I have been reading TAM for about a week now. I am sorry for finding myself here but am very grateful that this forum exists. I see a common thread in a lot of the stories. If only there would have been more we would have known ahead of time. As I read in one post though we do the best we can with what we have at the time.

Part of my story (the entire thing would take hours):

My W and I have been married for almost 12 years, 4 kids. She came to me as the typical WAW in November (but she says she had been unhappy and questioning for some time before). We tried to go along and work on the issues but things deteriorated more around the beginning of the year. We agreed we would each attend counseling to become healthy and then come back to work on creating a healthy marriage. February 11 she came to me and thought she was done. I could tell she was different. She told me I needed to let her go and she couldn't be happy with me and could never love me again the way I needed to be. This led me to going off the deep end and nearly committing suicide. I don't know why I didn't that night but I am still here. I moved out February 14 (great day for that) and since she has become the hot and cold wife. 

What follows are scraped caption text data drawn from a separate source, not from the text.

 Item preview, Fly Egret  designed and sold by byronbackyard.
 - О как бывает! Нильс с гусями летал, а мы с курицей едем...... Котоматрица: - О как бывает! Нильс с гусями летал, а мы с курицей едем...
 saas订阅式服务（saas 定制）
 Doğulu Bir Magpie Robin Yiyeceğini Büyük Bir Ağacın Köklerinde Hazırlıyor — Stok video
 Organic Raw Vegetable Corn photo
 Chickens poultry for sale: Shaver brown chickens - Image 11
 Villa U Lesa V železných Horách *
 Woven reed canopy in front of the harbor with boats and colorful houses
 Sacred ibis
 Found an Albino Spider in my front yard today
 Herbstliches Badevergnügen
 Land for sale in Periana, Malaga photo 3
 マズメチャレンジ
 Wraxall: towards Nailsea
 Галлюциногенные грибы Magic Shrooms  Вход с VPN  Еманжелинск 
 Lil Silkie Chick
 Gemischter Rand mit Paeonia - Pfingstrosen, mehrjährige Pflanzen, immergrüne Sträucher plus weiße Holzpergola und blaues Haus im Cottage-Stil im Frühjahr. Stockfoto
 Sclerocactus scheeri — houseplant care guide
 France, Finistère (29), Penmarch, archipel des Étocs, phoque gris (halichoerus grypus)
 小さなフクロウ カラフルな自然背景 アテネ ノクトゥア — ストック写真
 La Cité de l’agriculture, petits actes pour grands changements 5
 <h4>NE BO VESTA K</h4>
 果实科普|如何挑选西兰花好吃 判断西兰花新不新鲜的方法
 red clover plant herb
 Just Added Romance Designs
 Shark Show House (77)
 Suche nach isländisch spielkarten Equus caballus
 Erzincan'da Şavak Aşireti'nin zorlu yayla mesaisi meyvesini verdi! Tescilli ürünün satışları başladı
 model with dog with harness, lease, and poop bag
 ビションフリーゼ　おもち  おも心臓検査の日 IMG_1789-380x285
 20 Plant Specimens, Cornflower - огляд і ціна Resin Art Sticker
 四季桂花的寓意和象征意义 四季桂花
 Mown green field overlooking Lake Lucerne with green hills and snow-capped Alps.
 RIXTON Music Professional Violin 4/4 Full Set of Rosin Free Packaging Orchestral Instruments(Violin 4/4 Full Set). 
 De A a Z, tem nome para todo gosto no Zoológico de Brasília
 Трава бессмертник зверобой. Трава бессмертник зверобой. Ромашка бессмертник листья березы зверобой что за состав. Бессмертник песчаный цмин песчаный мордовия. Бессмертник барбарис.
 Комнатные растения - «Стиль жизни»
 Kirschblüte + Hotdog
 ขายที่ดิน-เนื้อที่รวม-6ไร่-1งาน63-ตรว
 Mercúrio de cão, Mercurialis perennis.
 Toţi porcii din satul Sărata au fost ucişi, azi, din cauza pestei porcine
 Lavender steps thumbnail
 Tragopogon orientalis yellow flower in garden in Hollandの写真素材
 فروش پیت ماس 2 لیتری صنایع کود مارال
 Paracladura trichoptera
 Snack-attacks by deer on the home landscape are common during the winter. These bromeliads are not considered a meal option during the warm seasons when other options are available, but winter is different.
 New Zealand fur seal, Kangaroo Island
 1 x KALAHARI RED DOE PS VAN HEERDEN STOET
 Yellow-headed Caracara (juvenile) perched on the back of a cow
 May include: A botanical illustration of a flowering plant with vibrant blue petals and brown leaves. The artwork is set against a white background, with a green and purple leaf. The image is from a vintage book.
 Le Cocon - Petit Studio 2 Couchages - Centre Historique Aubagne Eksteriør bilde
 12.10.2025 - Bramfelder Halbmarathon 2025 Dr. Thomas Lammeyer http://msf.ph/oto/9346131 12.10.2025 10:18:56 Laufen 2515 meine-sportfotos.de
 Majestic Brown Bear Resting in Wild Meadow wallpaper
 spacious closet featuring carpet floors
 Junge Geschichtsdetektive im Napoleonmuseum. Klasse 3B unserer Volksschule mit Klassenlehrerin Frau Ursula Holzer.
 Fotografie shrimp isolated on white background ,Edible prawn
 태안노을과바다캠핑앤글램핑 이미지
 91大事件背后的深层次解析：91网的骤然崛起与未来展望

It is almost 2 months now and I see progress but I still do things to set us back. I began reading the blog by SD and the emotions he and I are going through are identical. I'm sure as human nature goes they are emotions we all experience. We are in limbo now and the ball is in her court. I love her and my family with all my heart and would do anything to have them back. I have just started the 180 2 days ago and am committed to it this time. I have tried to do it before but I can't stick to it. Every time I get the hot wife she draws me back in. When I get the cold wife it makes me go crazy and I do things she categorizes as "irrational" to try to get her attention or a response from her. It has been a vicious cycle. 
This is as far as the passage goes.